The overpass we come to is closed off to bikes and we drive by the same temple three times looking for an alternate exit, seeing it from every angle before stopping to look at the map. Saigon won’t let us go. But we won’t give up. This whole highway business just isn’t working for us.
“Follow me,” Flo says, crushing the helmet onto his head. We rumble up the machines and I stick behind him through a wild patch of narrow roads with tall cement walls on either side. A massive red and white tent with fancy fabric flowing around it appears – a wedding tent. It completely blocks the street and there is no way around. Flo doesn’t hesitate.
“Excuse us!” He slows down and wiggles past the rows of chairs with me on his back wheel. Throw barricades, throw wedding tents at us. We got places to be!
This takes us to some sort of small back highway that still whizzes with trucks, but here cows are meandering, eating garbage; people are walking by shops and on the road are groupings of long white lines that turn out to be the most annoying speed bumps in the world.
We pit stop at a trucker-like lunch spot, dining with grubby drivers. Our lips perspire as the heat catches up with us while we eat. It’s three dollars for a couple beers and a few strange dishes of meat.


Back on the back road, we drive until it reconnects with the main highway where the scenery morphs into rolling hills and perfectly triangular mountains that seem to have been constructed with a protractor and exacto knife. Rice paddies and dragon fruit crops colour in the land from left to right. I belt out songs with nonsensical lyrics and whoop like a giddy girl in the throws of freedom.
Coming to a town with hordes of pedestrians and congested streets, we stop. Should we stay? It’s only six more kilometres to Mui Né, but its dark now and difficult to see each other with the traffic lights glaring in our faces. Nah, let’s go. The town opens to a wide, lit up road along the ocean and we crank it. Then, Mui Ne!

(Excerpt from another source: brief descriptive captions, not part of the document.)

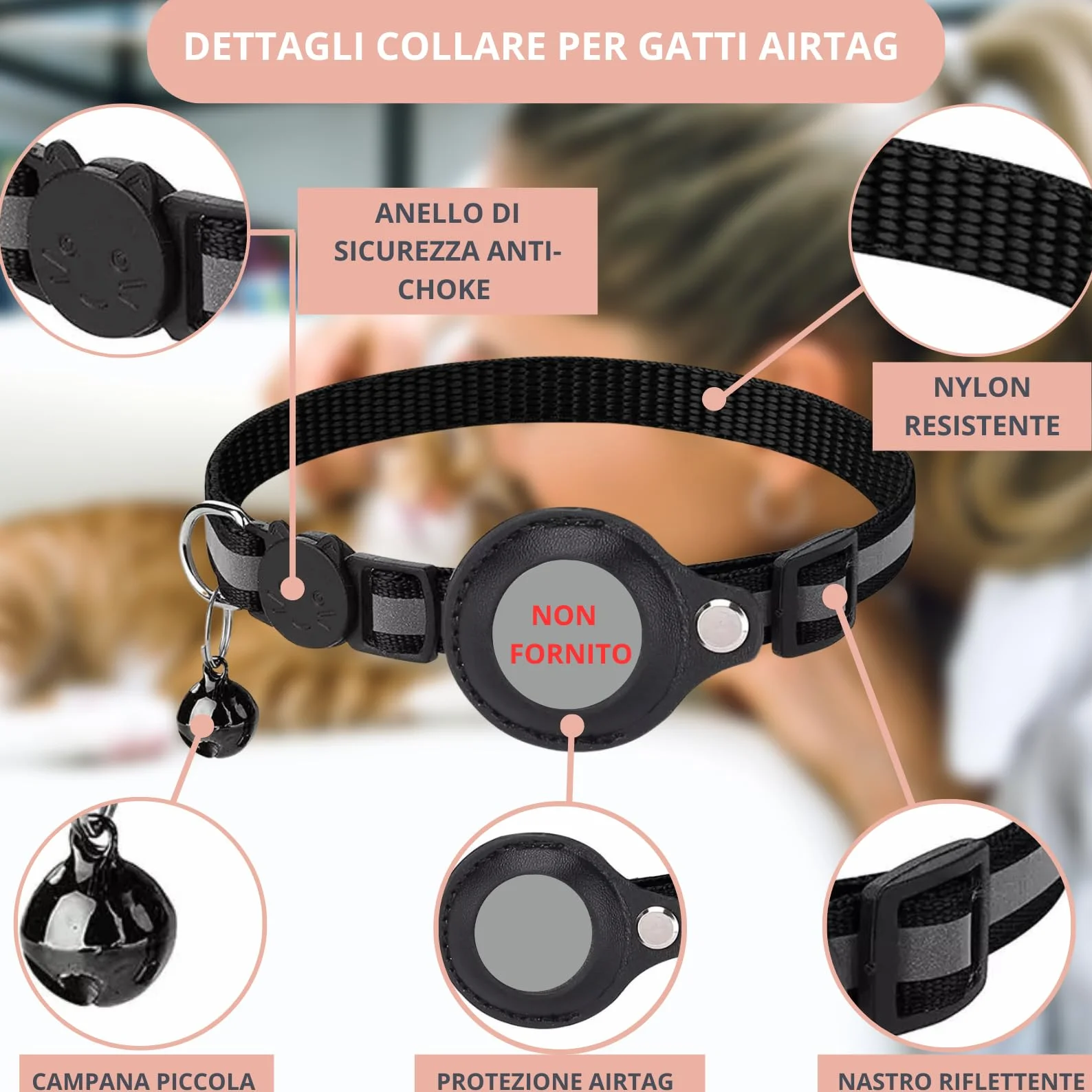 Croc-Cat® Collare Gatto, Compatibile AirTag Apple, Localizza il Tuo Gatto, Leggero & Confortevole, Sicurezza Massima, GPS Air Tag Non Incluso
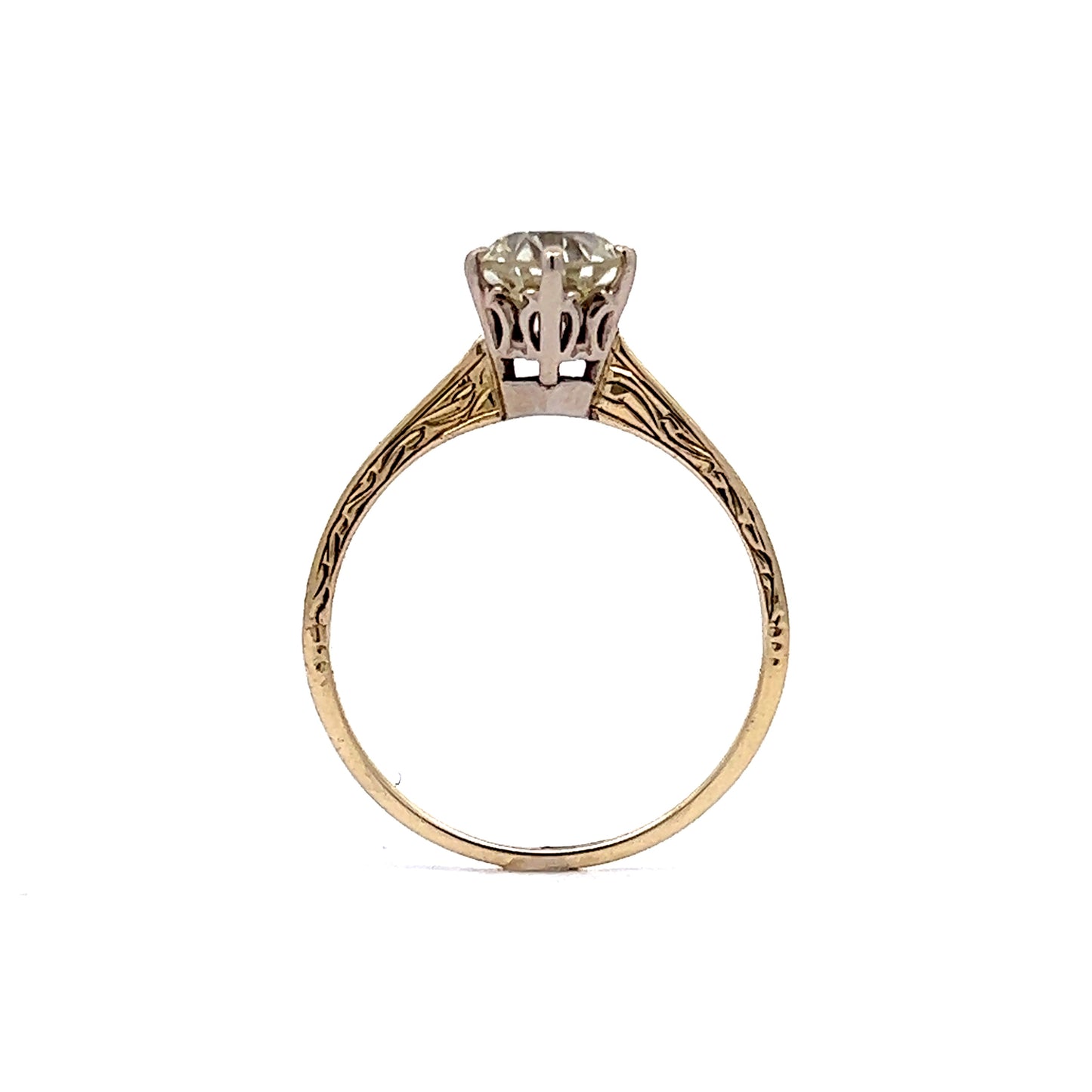 Vintage 1.41 Old European Solitaire Engagement Ring in 14k Yellow Gold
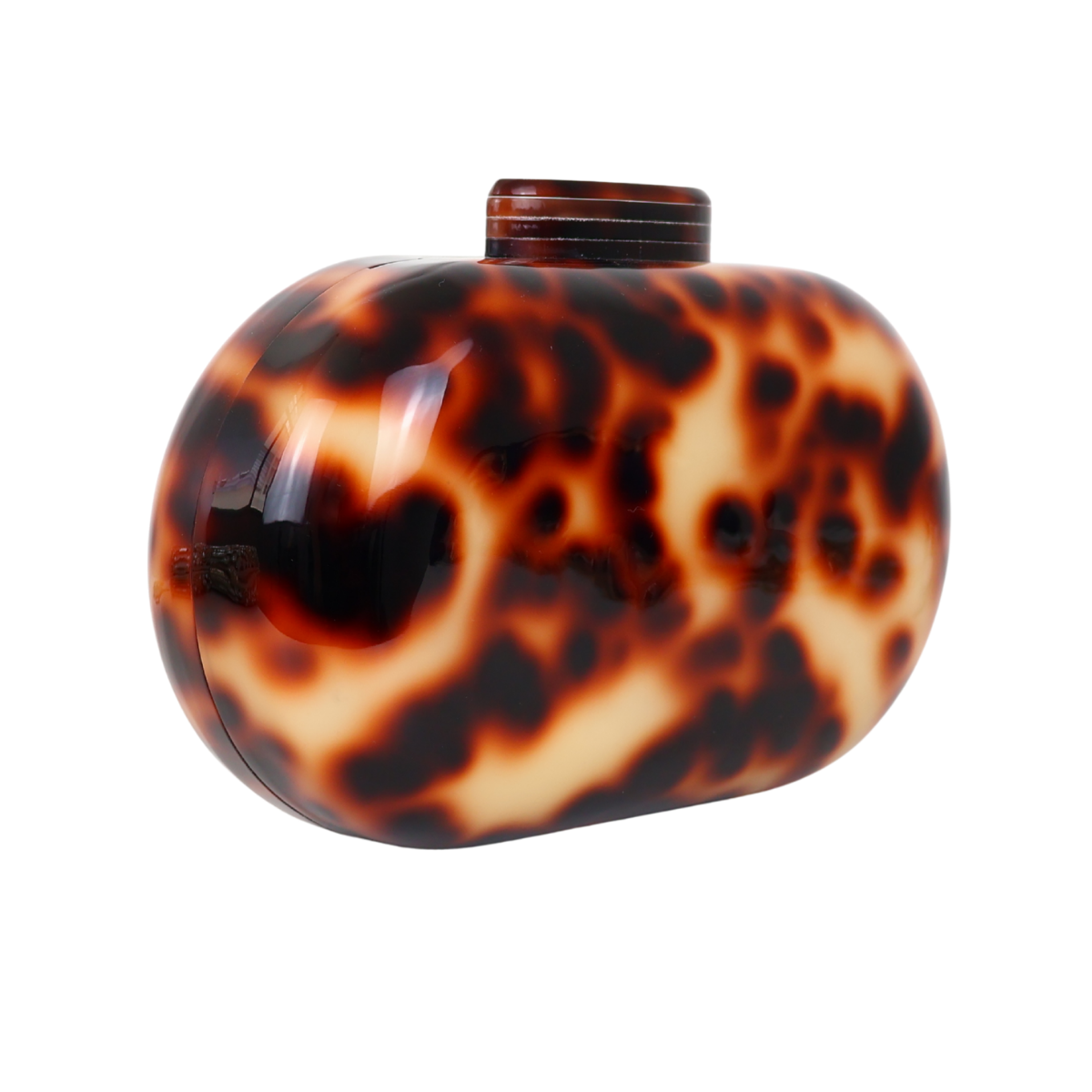 Bolsa Clutch Festa Acrílico Oval Marrom Animal Print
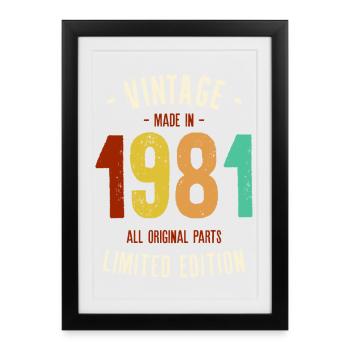 Jahrgang 1981 Limitierte Auflage - Gerahmtes Poster (27 × 37 cm) - Schwarz - Vorne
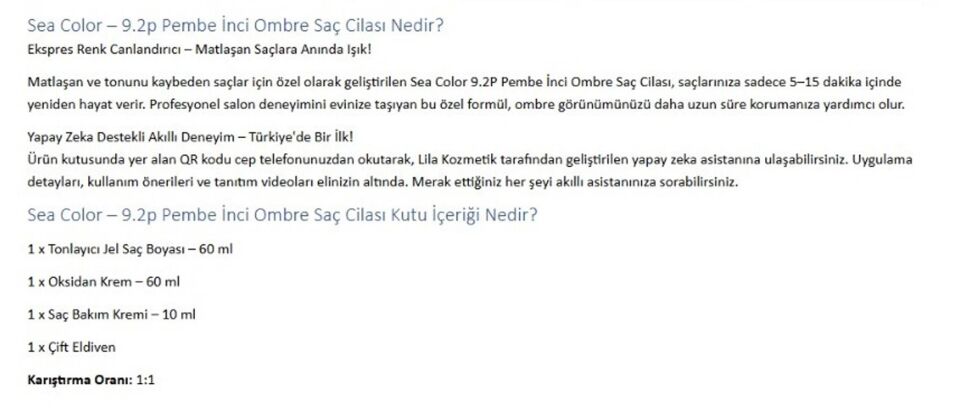 Sea Color Saç Boyası 9.2P Pembe İnci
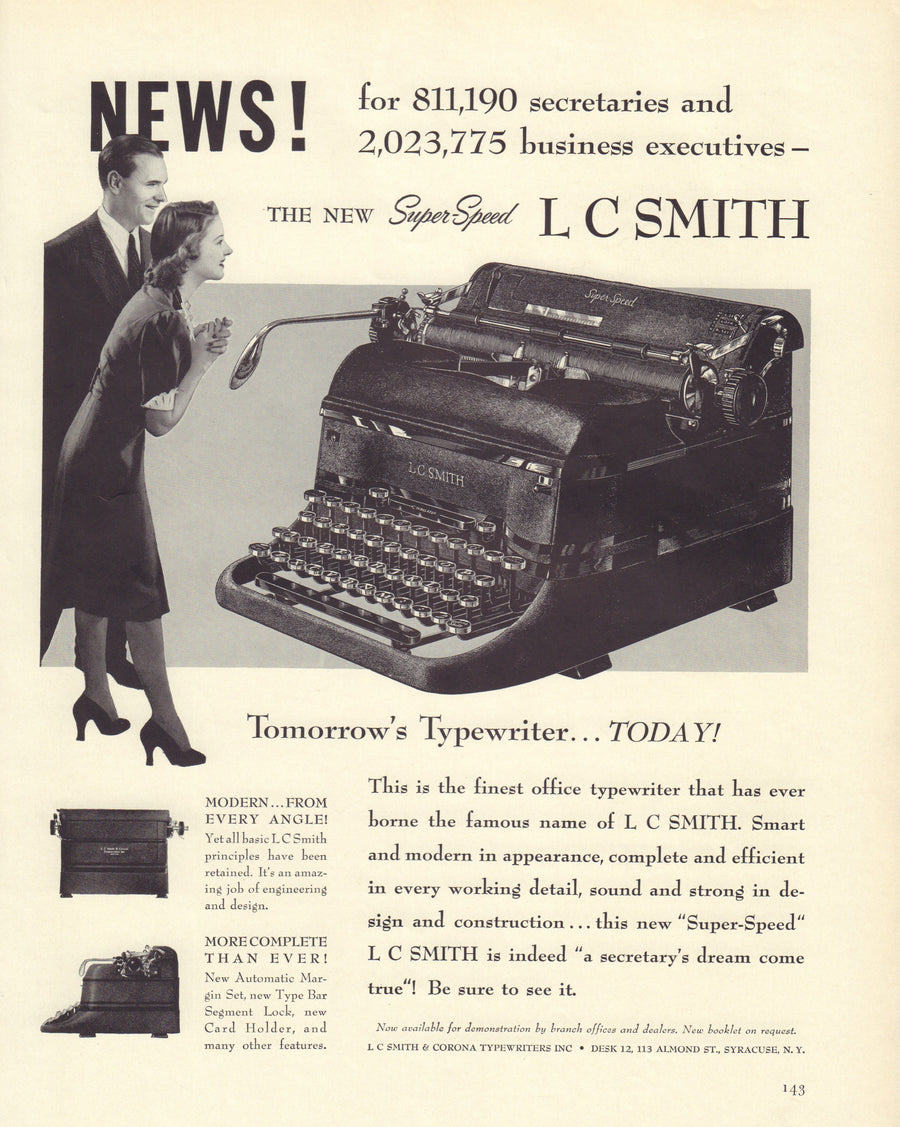 1930s Advertisement: Typewriter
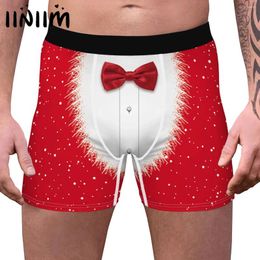 Underpants Sexy Men Christmas Printed Boxer Shorts Xmas Club Party Jockstraps Bulge Pouch Summer Men's Underwears Briefs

Bright lights and foreigners fill up the beach and roadside, and then diminish as the bikes turn through arbitrary alleys filled only with quiet homes. We turn back. The guesthouse we pull into is a little off from the hustle of the main drag. The lady who greets us turns everything to sugar with a single touch, she’s so sweet. She bolts to us as we arrive and sprints up the stairs to show us our room, giggling maniacally. When we ask if they have beer available, I watch her run next door and return with a full bag. Then Flo zooms off to the gym and I indulge in a shower that only 211km of riding can make feel so godly.
I’m writing in the hammock when he gets back, and we go for dinner of fish and scallops, feeding the fishtails to the miniature cats under the table.


Then we go back to our nice little icebox and pass out cold.